Often, what you are trying to parse can been seen as file of records. Consider this input, for example:

1 |This is a line\
  |that continues
  |This is a new line
  |So is this
5 |But this one \
  |continues \
  |for \
  |several lines.

Many readers will be familiar with this pattern. Each line that ends with a “\” is interpreted as continuing on the next line. So this file consists of four records. We can parse it with this grammar:

  |records = record+ .
  |record = simple-value | extended-value .
  |-simple-value = ~[#a]*, ~["\"], -#a .
  |-extended-value = ~[#a]*, "\", #a, -record .

to obtain:

 1 |$ coffeepot -g:lines.ixml -i:lines.txt -pp
   |<records>
   |   <record>This is a line\
   |that continues</record>
 5 |   <record>This is a new line</record>
   |   <record>So is this</record>
   |   <record>But this one \
   |continues \
   |for \
10 |several lines.</record>
   |</records>

Starting with version 1.99.10, CoffeePot offers an alternative approach. You can use the “--record-end” option to tell CoffeePot to break the file into records for you, and then parse each record with your grammar.

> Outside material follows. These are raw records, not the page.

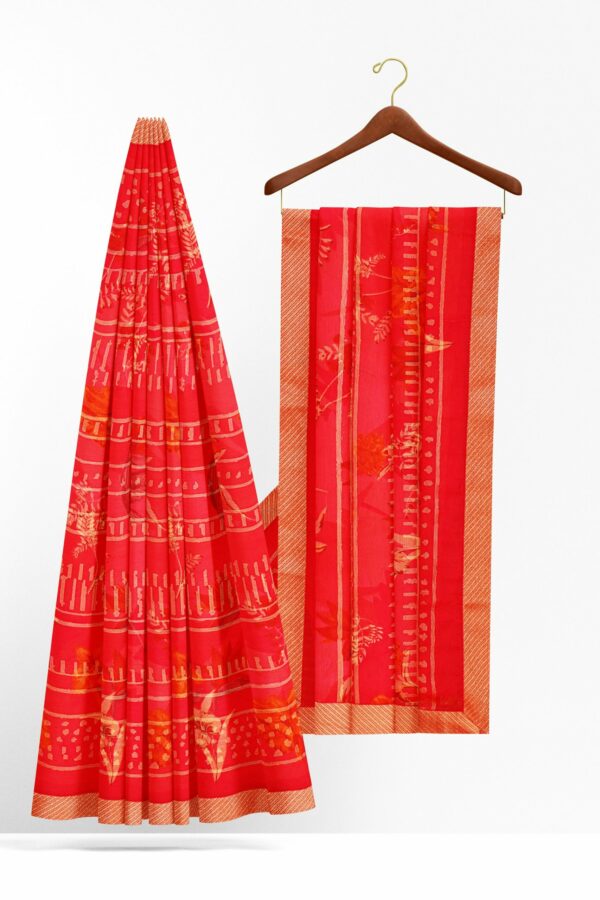 Red saree with golden colour border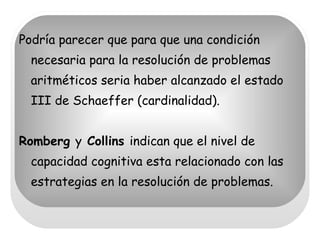 Podría parecer que para que una condición necesaria para la resolución de problemas  aritméticos seria haber alcanzado el estado III de Schaeffer (cardinalidad). Romberg  y  Collins  indican que el nivel de capacidad cognitiva esta relacionado con las estrategias en la resolución de problemas. 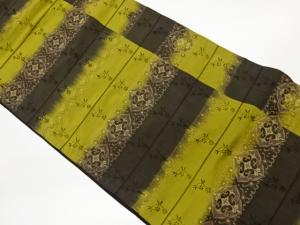 変わり横段に華文・笹蔓緞子模様織出し全通袋帯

With this approach, you can use a simpler grammar:

  |record = ~[]*.

To obtain the same result:

 1 |$ coffeepot -g:line.ixml -i:lines.txt --record-end:"([^\\\\])\\n" -pp
   |<records>
   |<record>This is a line\
   |that continues</record>
 5 |<record>This is a new line</record>
   |<record>So is this</record>
   |<record>But this one \
   |continues \
   |for \
10 |several lines.</record>
   |</records>

You can embed the regular expression in the grammar with a pragma so that you don’t have to deal with double-escaping the backslashes (once for the shell and once for the regular expression).

There’s a corresponding “--record-start” option for the case where the records are more easily identified by their beginning than their end.

In either case, capture groups are preserved and everything else is discarded.

For some inputs, using record splitting in this way may result in dramatically improved performance and/or simpler grammars.